Een kind van nog geen 9 jaar oud dat roept dat alle grenzen dicht moeten en de vluchtelingen het land uit; bij sommige docenten roept dit sterke emoties op. Maar hoe reageer je op een professionele manier die jouw autoriteit als leerkracht niet ondergraaft. Normaliter zou de ouders hierop aanspreken. Maar hoe pak je dit aan als ouders 100% achter een dergelijke uitspraak staan? Professionals van basisscholen lijken steeds vaker geconfronteerd met dit soort ongemakkelijke situaties. De behoefte om hierin te worden getraind wordt steeds pregnanter.
– Dutch children apologize for terrorism.
De training is een zelf-analytische tool voor docenten. Persoonlijke standpunten en emoties van docenten rondom polariserende onderwerpen worden eerst verkend door middel van werkvormen en beeldmateriaal. Bovenstaand filmfragment riep bij sommige cursisten reacties van herkenning op. Het geeft een eerste inzicht in het effect van negatieve stereotypering op kinderen.
Wanneer kunnen we eigenlijk over radicalisering praten en wat betekent het begrip precies? De trainer behandelt deze kernvraag door de theoretische componenten die links-, rechts-, en zelfs milieu-activistisch extremisme met elkaar verbinden, uit te leggen. De kern: het individu radicaliseert als hij of zij bereid is wetten te overtreden om zijn politieke doel te bereiken.

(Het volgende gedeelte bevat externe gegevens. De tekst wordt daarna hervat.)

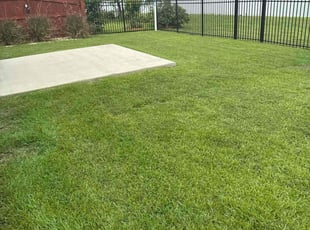DeAnna H.'s Yard Cutting service result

Door tijdens de training de juiste omstandigheden te scheppen worden de docenten in staat gesteld hun ervaringen en meningen met elkaar te delen. Een goede trainer dient eerst de omvang van het radicaliseringsprobleem op school te achterhalen om goede oplossingen te kunnen geven. Belangrijk om hierbij op te merken is dat het radicaliseringprobleem vooral een perceptie-vraagstuk is. En percepties kunnen soms sterk uiteenlopen:
“Ik maak mij zorgen over extreme denkbeelden van leerlingen in mijn klas.”
Meer dan 50% stak hun vinger op en herkenden zichzelf dus in deze stelling.
“Polarisatie of radicalisering komt op onze school niet voor.”
Niemand stak zijn of haar vinger op.
“Ik weet hoe ik moet handelen wanneer mijn leerlingen met polarisatie en radicalisering in hun omgeving te maken krijgen.”
Er was veel twijfel over deze stelling. Iedere leerkracht had wel een idee over de manier waarop zij zelf zouden handelen, zij misten een gezamenlijke lijn of aanpak.
Als leraren niet serieus worden genomen door ouders, wordt hun gezag steeds meer ondermijnd. Hierdoor gaan ouders sneller grenzen overschrijden. Docenten moeten de confrontatie leren aan te gaan. “Maar hoe kan ik dit doen als ik geen zekerheid heb of mijn collega’s achter mij staan?”. Het is opvallend dat vrijwel iedere deelnemer aan deze training het gevoel deelt dat je er als docent alleen voor staat. Hoewel iedere docent al die tijd met hetzelfde probleem worstelt, wordt tijdens de training pas duidelijk hoe erg dit een obstakel vormt voor plezierige werkverhoudingen op school. Leerkrachten dienen elkaar te ondersteunen in het stellen van grenzen. Treed op als éénheid en schep duidelijkheid over de gezamenlijk aanpak. Op deze manier zendt de school duidelijke signalen uit naar ouders die zich genoodzaakt zullen voelen om de grenzen van de docent te respecteren. De leerkrachten uitten hun bereidheid om hieraan te werken; ze staan alleen voor de klas maar naar buiten moet het docentencorps soms meer als één front opereren.
Er is een behoefte aan collectieve bewustwording en training in het onderwijs om met extreem gedrag om te gaan. Publinc’s trainingen omgaan met radicalisering zijn hét startpunt voor leerkrachten om tot een gezamenlijke aanpak te komen die de professionaliteit waarborgt en de persoonlijke grenzen van de docenten respecteert.